Feature Flags

Lindera uses Cargo feature flags to control optional functionality and dictionary embedding.

Core Features

FeatureDescriptionDefault
mmapMemory-mapped file supportYes
trainCRF-based dictionary training (depends on lindera-crf)CLI only
  • mmap is enabled by default in the main lindera crate.
  • train is enabled by default only in lindera-cli. For library usage, enable it explicitly with --features train.

The recommended approach is to use pre-built dictionaries as external files. Download a dictionary from GitHub Releases and specify its path at runtime:

#![allow(unused)]
fn main() {
let dictionary = load_dictionary("/path/to/ipadic")?;
}

No additional feature flags are required for this usage.

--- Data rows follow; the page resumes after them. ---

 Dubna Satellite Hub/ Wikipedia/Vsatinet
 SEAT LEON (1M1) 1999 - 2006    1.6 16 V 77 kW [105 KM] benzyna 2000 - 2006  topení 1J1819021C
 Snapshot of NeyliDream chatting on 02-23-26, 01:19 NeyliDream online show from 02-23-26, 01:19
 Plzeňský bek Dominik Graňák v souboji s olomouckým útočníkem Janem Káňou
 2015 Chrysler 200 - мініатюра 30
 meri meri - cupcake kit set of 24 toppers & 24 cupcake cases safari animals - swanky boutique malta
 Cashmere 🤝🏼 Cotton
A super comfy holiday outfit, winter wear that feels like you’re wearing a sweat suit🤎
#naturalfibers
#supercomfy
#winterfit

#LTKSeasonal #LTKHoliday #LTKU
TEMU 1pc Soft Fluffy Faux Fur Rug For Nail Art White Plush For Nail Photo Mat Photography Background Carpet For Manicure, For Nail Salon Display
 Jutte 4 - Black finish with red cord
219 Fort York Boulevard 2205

Dictionary Embedding Features (Advanced)

These features embed pre-built dictionaries directly into the binary, eliminating the need for external dictionary files at runtime. This is intended for advanced users who need self-contained binaries.

FeatureDictionaryLanguage
embed-ipadicIPADICJapanese
embed-ipadic-neologdIPADIC NEologdJapanese
embed-unidicUniDicJapanese
embed-ko-dicko-dicKorean
embed-cc-cedictCC-CEDICTChinese
embed-jiebaJiebaChinese

None of these are enabled by default. Enable them as needed:

[dependencies]
lindera = { version = "2.3.2", features = ["embed-ipadic"] }

When embedding is enabled, you can load the dictionary with:

#![allow(unused)]
fn main() {
let dictionary = load_dictionary("embedded://ipadic")?;
}

Combination Features

These meta-features enable multiple dictionaries at once for multilingual applications.

FeatureIncluded Dictionaries
embed-cjkIPADIC + ko-dic + Jieba
embed-cjk2UniDic + ko-dic + Jieba
embed-cjk3IPADIC NEologd + ko-dic + Jieba

Combining Feature Flags

Multiple feature flags can be combined. For example, to embed both Japanese and Korean dictionaries:

[dependencies]
lindera = { version = "2.3.2", features = ["embed-ipadic", "embed-ko-dic"] }

Or from the command line:

cargo build --features embed-ipadic,embed-ko-dic

Notes

  • Embedding dictionaries increases binary size significantly. Only embed dictionaries you actually need.
  • The train feature adds a dependency on lindera-crf and increases compile time. It is not needed for tokenization-only use cases.
  • The mmap feature enables memory-mapped dictionary loading, which reduces memory usage for large dictionaries loaded from disk. It has no effect on embedded dictionaries.